Lists and generators can both be used for iteration (e.g. for loops). Generators can only be used once, but may save on memory usage. The `yield` keyword is comparable to the `return` keyword in typical function definition, but is commonly used for creating generators/iterators.

In [None]:
# Note that to print the (even) numbers between 4 and 20 inclusive
# we need to stop counting at 21
print(str(list(range(4, 21))), '\n', str(list(range(4, 21, 2))))

In [None]:
def mysequence():
    r'''Prints the sequence x_n = n^2 + 1 for n = 0,1,2,...,N for user defined N.''' 
    N = int(input('How many terms in the sequence n^2 + 1 to print? '))
    if N > 0:
        print([n*n + 1 for n in range(N)])
        return None
    return None

mysequence()

### More exercises

In [None]:
def maxthree():
    r'''Displays the largest of three user input numbers''' 
    a, b, c = input('a = '), input('b = '), input('c = ')
    a, b, c = float(a), float(b), float(c)
    return max(a, b, c)

maxthree()

In [None]:
def shut_down(s):
    s = s.strip().lower()
    if s == "yes":
        return 'Shutting down'
    elif s == 'no':
        return 'Shutdown aborted'
    else:
        return 'Unknown parameter'

print(shut_down(input('Shut down the system? ')))

In [None]:
def dist_from_zero(x):
    r'''Calculates the absolute value of the input variable''' 
    if type(x) == int or type(x) == float:
        return abs(x)
    else:
        return('Error')

l = [-5, -5.6, '-5.6']
print('x | type(x) | f(x)')
for x in l:
    print('{} | {} | {}'.format(x, type(x), dist_from_zero(x)))

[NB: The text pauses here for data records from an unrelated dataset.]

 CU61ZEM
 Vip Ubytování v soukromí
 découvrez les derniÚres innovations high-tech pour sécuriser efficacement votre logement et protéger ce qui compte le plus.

# Note: The following will throw an error because inputs are always received as strings
x = input('Please provide an input: ')
print('The absolute value of {} is {}'.format(x, dist_from_zero(x)))
# We can resolve this by a type conversion as follows:
print('The absolute value of {} is {}'.format(x, dist_from_zero(float(x))))

## Modules
Saving your code and functions in .py files allows them to be reused elsewhere. These can be imported/accessed through the directory structure as `import folder.file.function as custom_function_name`. This course doesn't deal with classes/object oriented approaches. Third party modules are modules that other people have written to solve all of your problems.

![alt text](https://imgs.xkcd.com/comics/python.png "Python, 2007-12-5")
Source: https://xkcd.com/353/

In [None]:
import random

def guessmynumber():
    r'''Asks the user to guess a randomly generated integer between 1 and 9,
    telling the user if their guess is too high, too low, or exactly right.
    Users have a maximum of three guesses.''' 
    x = random.randint(1, 9)
    print("Guess the randomly generated integer between 1 and 9 inclusive.\nYou have three guesses.")
    for i in range(3):
        guess = int(input("Guess {}: ".format(i+1)))
        if guess == x:
            print('Exactly right! Well done!')
            return None
        elif guess > x:
            print('Too high!')
        elif guess < x:
            print('Too low!')
    print('You lose')
    return None

guessmynumber()

### Introducing the `numpy` module

Below we handcraft a function to solve polynomial equations of degree at most 2.

In [None]:
def quadraticsolver(a, b, c):
    r'''Solves the real quadratic equation ax^2 + bx + c = 0 from inputs a,b,c.''' 
    if a == 0:
        print('This isn\'t a quadratic equation. We cannot have a = 0')
        if b != 0:
            print(
                'The solution to the linear equation {}x + {} = 0 is x = {}'.format(b, c, -c/b))
            return -c/b
        elif c == 0:
            print('The trivial equation 0 = 0 is true for all x')
            return True
        else:
            print('The equation {} = 0 has no solutions for any x'.format(c))
            return None
    disc = b * b - 4 * a * c
    if disc == 0:
        print('Repeated root')
        return -b/(2*a)
    elif disc > 0:
        print('Distinct real roots')
    elif disc < 0:
        print('Complex conjugate roots')
    return (-b + disc**(1/2))/(2*a), (-b - disc**(1/2))/(2*a)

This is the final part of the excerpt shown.